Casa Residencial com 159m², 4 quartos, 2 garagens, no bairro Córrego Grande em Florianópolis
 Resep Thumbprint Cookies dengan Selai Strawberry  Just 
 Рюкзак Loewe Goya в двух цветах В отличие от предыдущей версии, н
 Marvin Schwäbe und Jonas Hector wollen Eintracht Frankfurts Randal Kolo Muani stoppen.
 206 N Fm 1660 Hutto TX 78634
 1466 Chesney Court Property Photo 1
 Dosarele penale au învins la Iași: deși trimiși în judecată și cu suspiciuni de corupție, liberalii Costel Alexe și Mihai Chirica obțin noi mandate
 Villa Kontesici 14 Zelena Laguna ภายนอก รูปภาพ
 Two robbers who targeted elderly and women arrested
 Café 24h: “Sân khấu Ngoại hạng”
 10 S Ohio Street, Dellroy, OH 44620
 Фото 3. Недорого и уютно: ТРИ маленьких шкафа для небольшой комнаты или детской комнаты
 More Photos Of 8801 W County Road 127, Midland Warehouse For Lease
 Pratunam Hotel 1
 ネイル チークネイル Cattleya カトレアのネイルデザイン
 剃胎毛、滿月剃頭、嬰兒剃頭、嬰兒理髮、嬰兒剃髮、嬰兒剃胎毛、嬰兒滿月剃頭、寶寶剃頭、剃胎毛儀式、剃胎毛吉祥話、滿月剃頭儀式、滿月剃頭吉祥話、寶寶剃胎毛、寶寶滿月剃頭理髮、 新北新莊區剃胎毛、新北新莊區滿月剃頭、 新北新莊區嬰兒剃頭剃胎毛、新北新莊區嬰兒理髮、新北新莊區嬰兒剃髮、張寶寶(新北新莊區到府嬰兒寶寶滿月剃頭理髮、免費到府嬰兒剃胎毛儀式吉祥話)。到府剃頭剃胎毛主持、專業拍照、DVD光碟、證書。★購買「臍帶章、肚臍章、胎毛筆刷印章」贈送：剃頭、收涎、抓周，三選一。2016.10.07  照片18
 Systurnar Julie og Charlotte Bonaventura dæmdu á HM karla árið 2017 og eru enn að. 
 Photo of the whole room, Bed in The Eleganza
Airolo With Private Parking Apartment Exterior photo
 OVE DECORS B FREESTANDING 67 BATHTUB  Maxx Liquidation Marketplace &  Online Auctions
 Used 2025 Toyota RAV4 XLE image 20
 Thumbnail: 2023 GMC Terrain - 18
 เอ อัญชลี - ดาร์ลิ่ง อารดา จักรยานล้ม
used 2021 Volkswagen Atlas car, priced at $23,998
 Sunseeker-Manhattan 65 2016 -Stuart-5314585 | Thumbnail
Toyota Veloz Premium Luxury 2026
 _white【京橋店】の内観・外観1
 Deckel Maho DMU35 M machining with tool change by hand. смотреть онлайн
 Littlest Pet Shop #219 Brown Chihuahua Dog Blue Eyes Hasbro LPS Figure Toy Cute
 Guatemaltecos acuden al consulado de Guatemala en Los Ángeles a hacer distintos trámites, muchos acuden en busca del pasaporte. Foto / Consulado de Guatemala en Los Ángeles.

* _Exercise instructions_
Begin at the line that has "ネイル チークネイル Cattleya カトレアのネイルデザイン" in the entries above; stop after the line that has "Sunseeker-Manhattan 65 2016". Transcribe exactly those lines and no others.

* _Answer to this problem_
 ネイル チークネイル Cattleya カトレアのネイルデザイン
 剃胎毛、滿月剃頭、嬰兒剃頭、嬰兒理髮、嬰兒剃髮、嬰兒剃胎毛、嬰兒滿月剃頭、寶寶剃頭、剃胎毛儀式、剃胎毛吉祥話、滿月剃頭儀式、滿月剃頭吉祥話、寶寶剃胎毛、寶寶滿月剃頭理髮、 新北新莊區剃胎毛、新北新莊區滿月剃頭、 新北新莊區嬰兒剃頭剃胎毛、新北新莊區嬰兒理髮、新北新莊區嬰兒剃髮、張寶寶(新北新莊區到府嬰兒寶寶滿月剃頭理髮、免費到府嬰兒剃胎毛儀式吉祥話)。到府剃頭剃胎毛主持、專業拍照、DVD光碟、證書。★購買「臍帶章、肚臍章、胎毛筆刷印章」贈送：剃頭、收涎、抓周，三選一。2016.10.07  照片18
 Systurnar Julie og Charlotte Bonaventura dæmdu á HM karla árið 2017 og eru enn að. 
 Photo of the whole room, Bed in The Eleganza
Airolo With Private Parking Apartment Exterior photo
 OVE DECORS B FREESTANDING 67 BATHTUB  Maxx Liquidation Marketplace &  Online Auctions
 Used 2025 Toyota RAV4 XLE image 20
 Thumbnail: 2023 GMC Terrain - 18
 เอ อัญชลี - ดาร์ลิ่ง อารดา จักรยานล้ม
used 2021 Volkswagen Atlas car, priced at $23,998
 Sunseeker-Manhattan 65 2016 -Stuart-5314585 | Thumbnail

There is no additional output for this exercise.